While this is a great idea, unfortunately a rather draconian generation skipping transfer tax (GST) of 55 percent provides a limitation to this technique, as well as horribly unfortunate results if not properly taken into consideration.
‘Disastrous Consequences’
While an understanding of these so-called GST rules can provide tremendous planning opportunities, a failure to understand them can likewise have disastrous consequences.
Consider the recent case of Simches v. Simches, 423 Mass. 683 (1996).
In Simches, a Massachusetts resident undertook a rather common, highly effective (so effective Congress would like to repeal it) technique called a Qualified Personal Residence Trust (QPRT).
Following carefully the provisions of IRC Sect. 2702 governing QPRTs, the individual established an irrevocable trust in which she retained the right of exclusive use of the property for a 10-year period and then transferred her vacation home on the Cape to the trust.

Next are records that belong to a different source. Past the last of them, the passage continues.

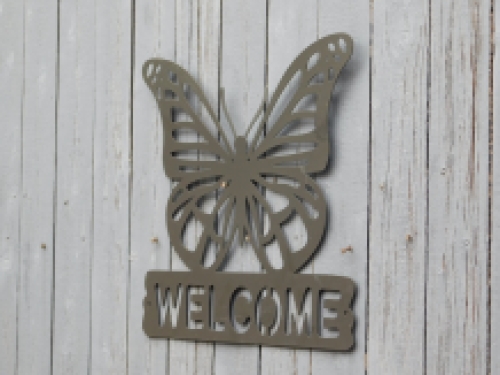 Wandschmuck ''Welcome'' mit Schmetterling - Metall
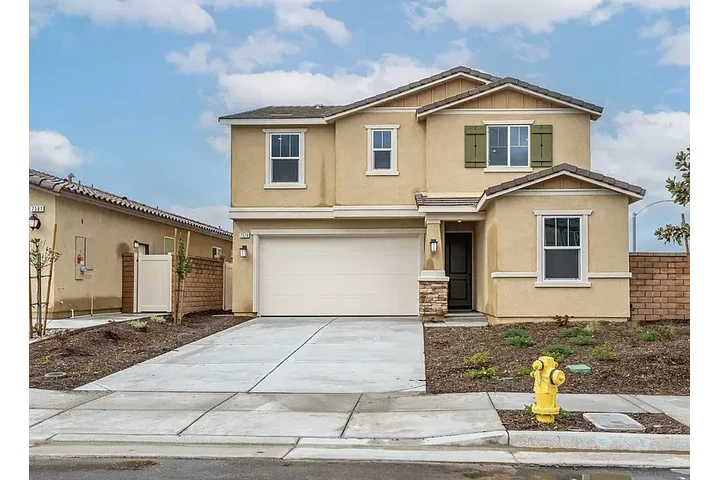 $2500 : HOUSE FOR RENT IN RIVERSIDE CA image 3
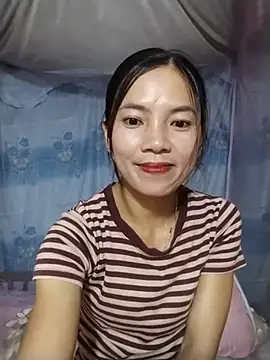 Snapshot of lmc-zz chatting on July 5, 1:18 pm lmc-zz online show from July 5, 1:18 pm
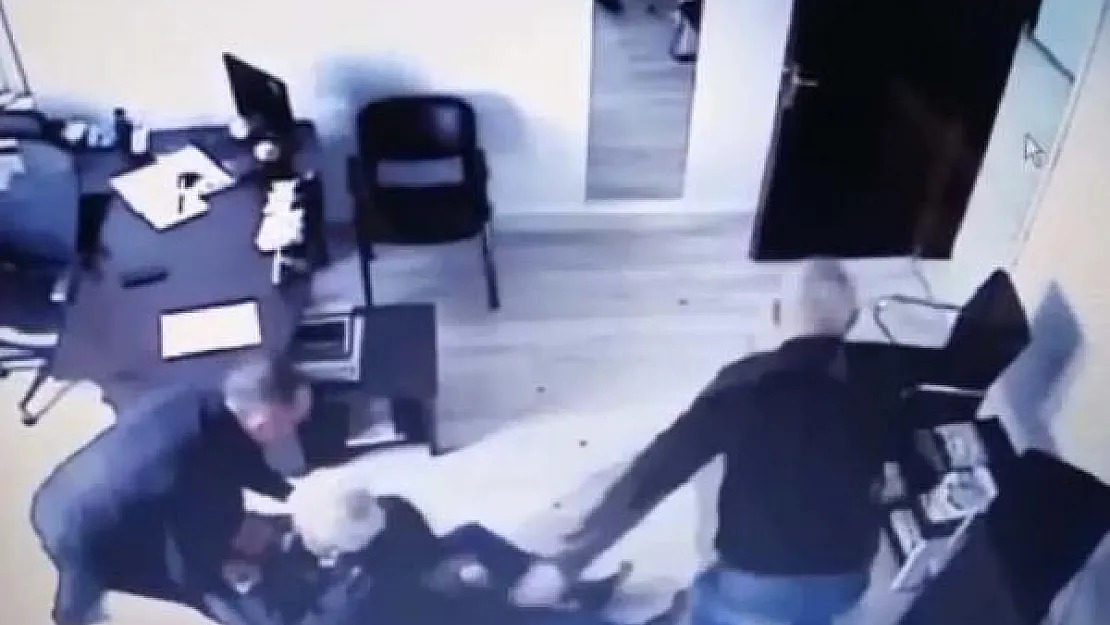Belediye başkanına makamında silahlı saldırı!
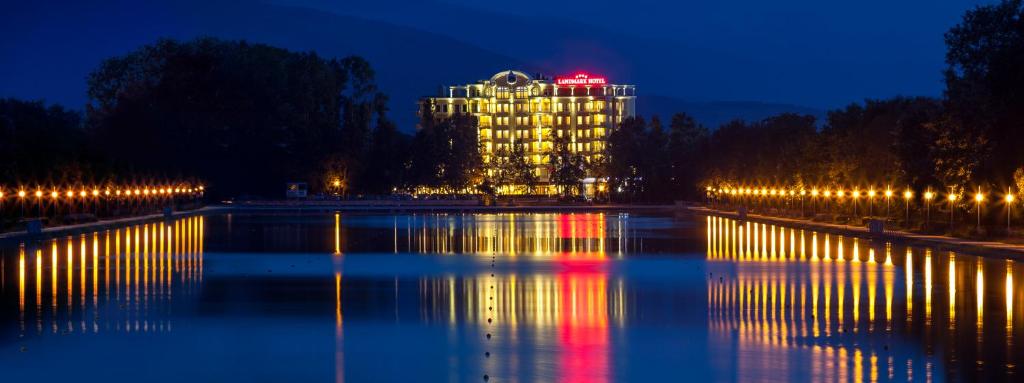 普罗夫迪夫Landmark Creek Hotel & Wellness的一座在夜间水中灯亮的大建筑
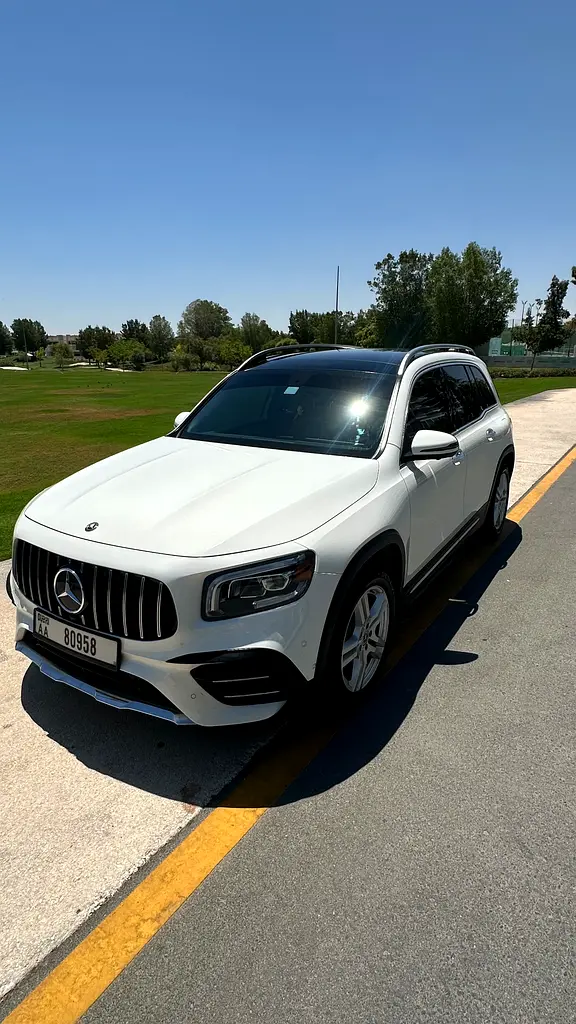 Mercedes-Benz GLB-Class 2020 — photo 1 of 14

At the end of the 10-year term of the QPRT, the residence would be distributed to a nominee trust entitled the “N&R Nominee Trust.”
The beneficiaries of the nominee trust were four other trusts established exclusively for the benefit of each of the individual’s four grandchildren. In essence, the vacation home would pass to the grandchildren at the expiration of the 10-year term.

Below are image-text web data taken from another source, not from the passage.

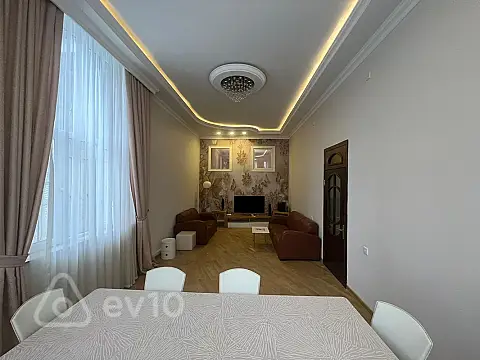 Kirayə verilir 4 otaqlı köhnə tikili 200 m²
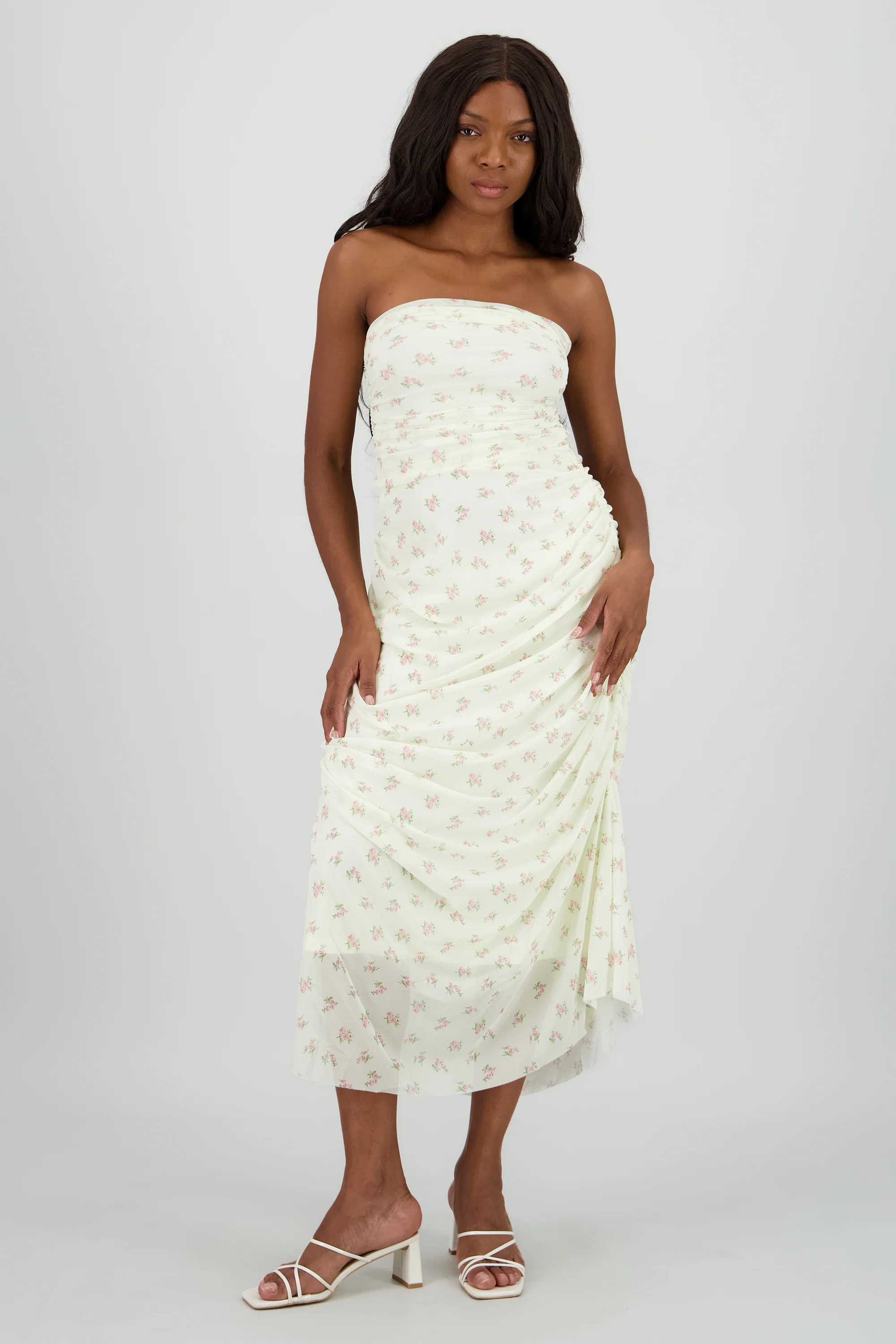 Vestido strapless de mesh estampado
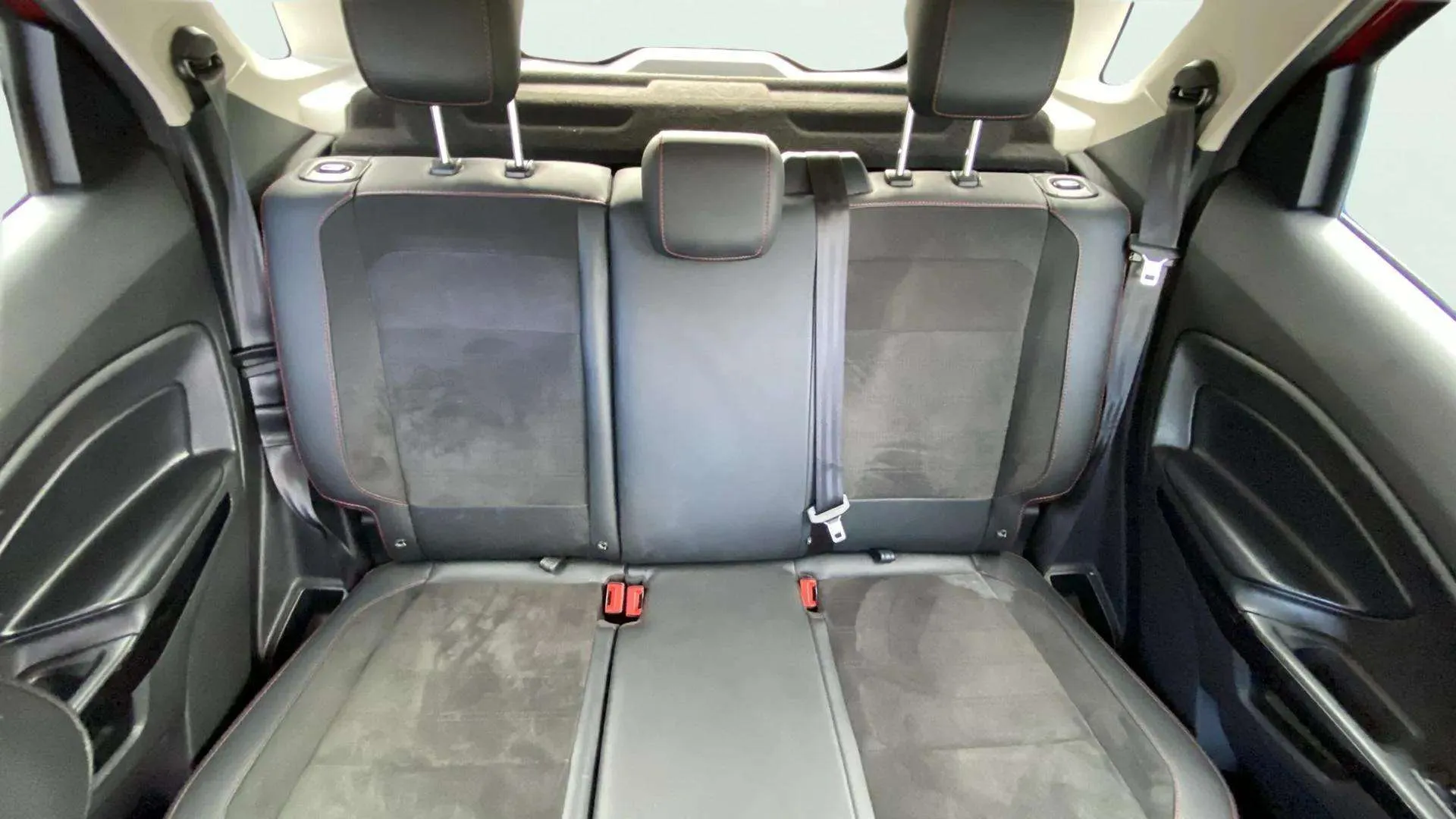 Ford EcoSport 1.0T EcoBoost ST Line - foto 24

A QPRT can provide significant estate and gift tax advantages since the value of the gift is the value of the remainder interest, which is determined by subtracting the actuarially determined value of the 10-year retained interest from the fair market value of the property on the date of the gift.
In Simches, it was stipulated that even though the property was valued at $2.5 million on the date of the gift, the value of the property transferred (the remainder) for gift tax purposes was only $968,275.
Since this amount exceeded the individual’s then unified credit amount of $600,000, a gift tax of approximately $140,000 was paid, but the real benefit sought was in the nature of skipping the children’s generation.
If the property value doubled in 10 years to $5 million (which is not unrealistic given the appreciation of property on the Cape and the Islands), the gift tax of $140,000 was a small price to pay, since it was thought that the transfer would skip the children’s generation and pass directly to the grandchildren’s trusts without any additional wealth transfer taxes.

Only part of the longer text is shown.